However, what is big data? It has been defined in many different ways. We prefer to define big data as data sets that are too big for current information technologies to capture, transmit, store, process, or visualize. Although this definition is simple, it encompasses computing complexity theory, computer architecture, operating system, programming model, database technologies, algorithms, and applications. People from different fields have dramatically different understandings of big data, which is why there is so much excitement and conjecture surrounding it.

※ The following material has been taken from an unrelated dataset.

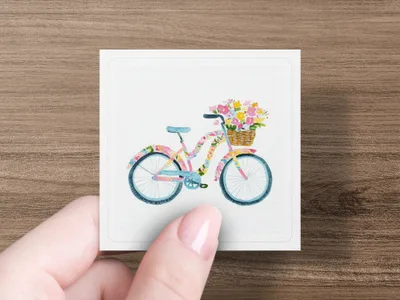 Watercolor bicycle with flower basket on wooden background.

In this special issue, we present papers that discuss big-data technology from different perspectives. These are not only high-level surveys but also reports on initial results from big-data projects. Communication infrastructure is one of the most important aspects of big data. Yi Zhu and Zhengkun Mi from Nanjing University of Posts and Telecommunications discuss content-centric networking, which is seen as a promising approach to big-data distribution. They propose a networking architecture for processing big data, and this architecture is fundamentally different from TCP/IP. Shengmei Luo et al. from the Cloud Computing & IT Institute of ZTE Corporation present a survey of big-data analytics. They analyze challenges related to storage, data-mining algorithms, and programming models for big data. They also predict opportunities in the big-data era. Although there are many potential business opportunities in big data, security is of the utmost importance for users and cannot be overlooked. Ruixuan Li et al. from Huazhong University of Science and Technology provide an overview of data security and privacy-preservation for cloud storage. They carefully investigate confidentiality, data integrity, and data availability. They also propose a feasible solution to current security problems. Shigang Chen et al. from the University of Florida delve more deeply into data integrity. They propose a novel authenticated data structure called Cloud Merkle B+ tree that supports dynamic operations such as insertion, deletion and modification. CMBT lowers overhead fromO (n ) toO (logn ).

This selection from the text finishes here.